Excerpted records START

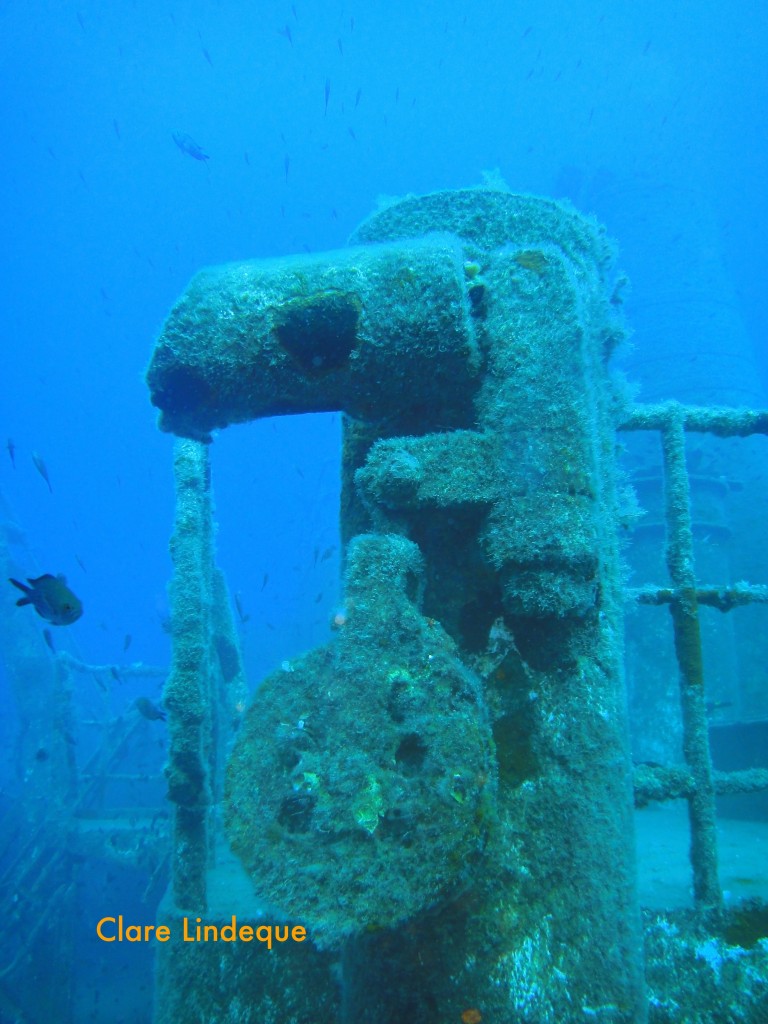 Part of a boom on the Um El Faroud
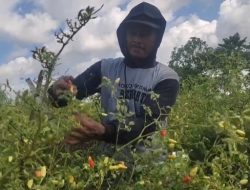 Harga Cabai Meroket, Petani di Blitar Raup Rp 5 Juta Sekali Panen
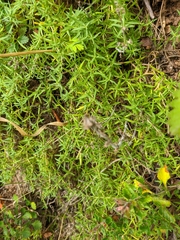 Thymus dzevanovskyi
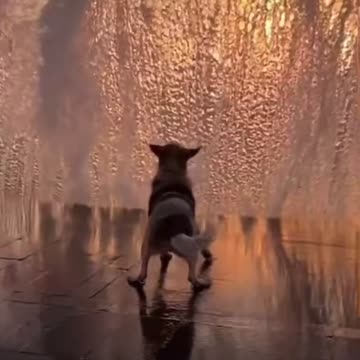 The view of a dog for me in front of a big wave.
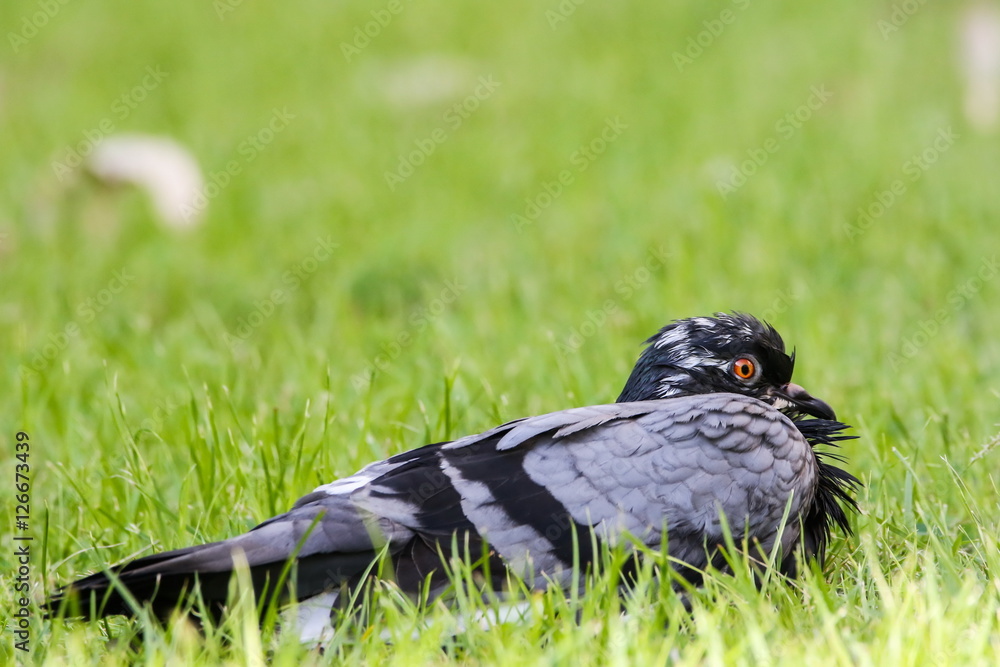 Rock Pigeon (Columba Livia), Bird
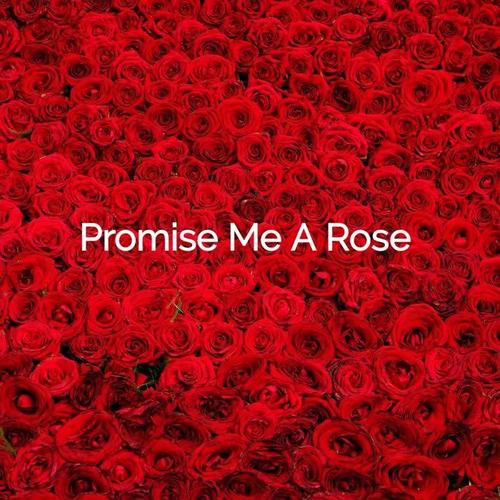 Promise Me Roses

Excerpted records END

### Task prompt
Each of the entries above must be output exactly, with none of the pictures.

### Output of the task
 Part of a boom on the Um El Faroud
 Harga Cabai Meroket, Petani di Blitar Raup Rp 5 Juta Sekali Panen
 Thymus dzevanovskyi
 The view of a dog for me in front of a big wave.
 Rock Pigeon (Columba Livia), Bird
 Promise Me Roses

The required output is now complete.